[Short text fragments from websites]
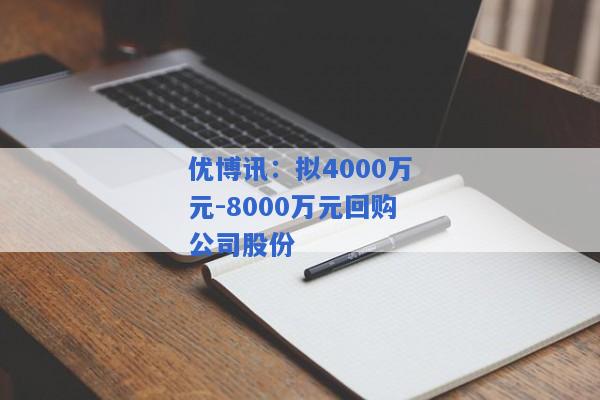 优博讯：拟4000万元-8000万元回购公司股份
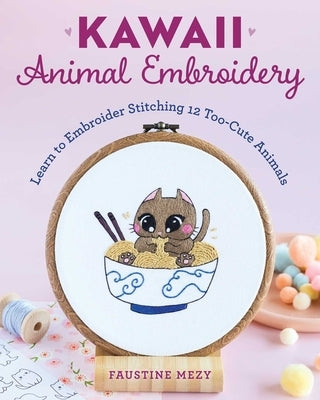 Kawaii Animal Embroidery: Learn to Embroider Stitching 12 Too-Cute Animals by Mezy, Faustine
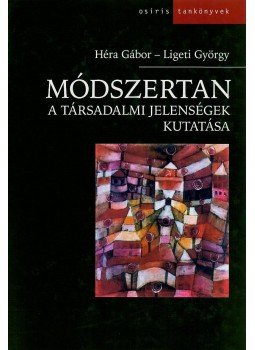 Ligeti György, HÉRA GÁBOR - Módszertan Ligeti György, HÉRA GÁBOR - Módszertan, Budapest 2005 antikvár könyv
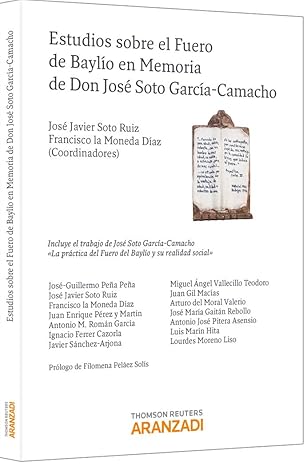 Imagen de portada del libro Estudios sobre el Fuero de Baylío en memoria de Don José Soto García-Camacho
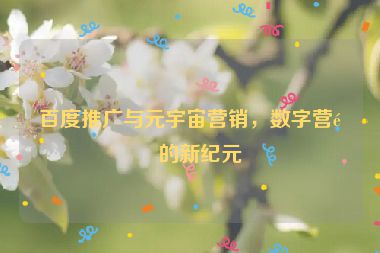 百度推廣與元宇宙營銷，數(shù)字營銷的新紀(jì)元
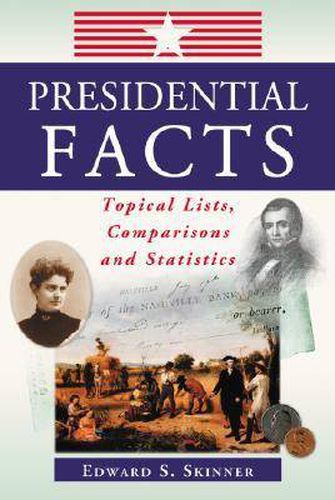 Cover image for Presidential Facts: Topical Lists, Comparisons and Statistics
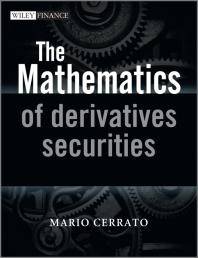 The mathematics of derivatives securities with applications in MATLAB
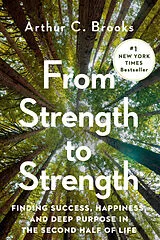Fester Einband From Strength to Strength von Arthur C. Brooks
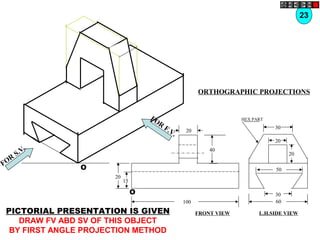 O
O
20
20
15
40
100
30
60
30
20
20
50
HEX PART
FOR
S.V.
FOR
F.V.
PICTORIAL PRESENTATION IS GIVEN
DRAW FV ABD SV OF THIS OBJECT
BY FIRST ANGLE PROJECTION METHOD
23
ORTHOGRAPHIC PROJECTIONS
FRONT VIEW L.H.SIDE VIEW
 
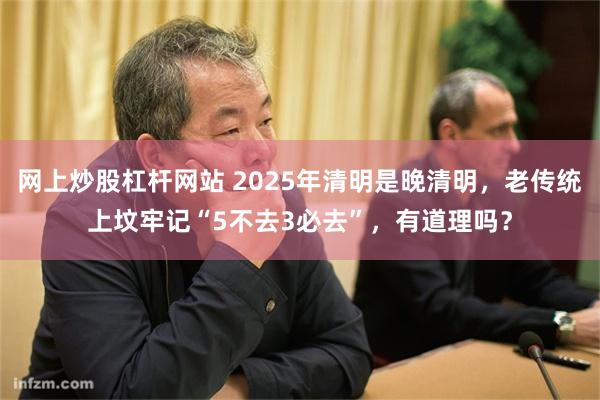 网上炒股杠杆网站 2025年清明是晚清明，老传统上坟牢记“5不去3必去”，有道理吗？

## Problem details:
Give the entries again exactly. Pictures stay out.

## Output for this task:
 优博讯：拟4000万元-8000万元回购公司股份
 Kawaii Animal Embroidery: Learn to Embroider Stitching 12 Too-Cute Animals by Mezy, Faustine
 Ligeti György, HÉRA GÁBOR - Módszertan Ligeti György, HÉRA GÁBOR - Módszertan, Budapest 2005 antikvár könyv
 Imagen de portada del libro Estudios sobre el Fuero de Baylío en memoria de Don José Soto García-Camacho
 百度推廣與元宇宙營銷，數(shù)字營銷的新紀(jì)元
 Cover image for Presidential Facts: Topical Lists, Comparisons and Statistics
 The mathematics of derivatives securities with applications in MATLAB
Fester Einband From Strength to Strength von Arthur C. Brooks
 O
O
20
20
15
40
100
30
60
30
20
20
50
HEX PART
FOR
S.V.
FOR
F.V.
PICTORIAL PRESENTATION IS GIVEN
DRAW FV ABD SV OF THIS OBJECT
BY FIRST ANGLE PROJECTION METHOD
23
ORTHOGRAPHIC PROJECTIONS
FRONT VIEW L.H.SIDE VIEW
 
 网上炒股杠杆网站 2025年清明是晚清明，老传统上坟牢记“5不去3必去”，有道理吗？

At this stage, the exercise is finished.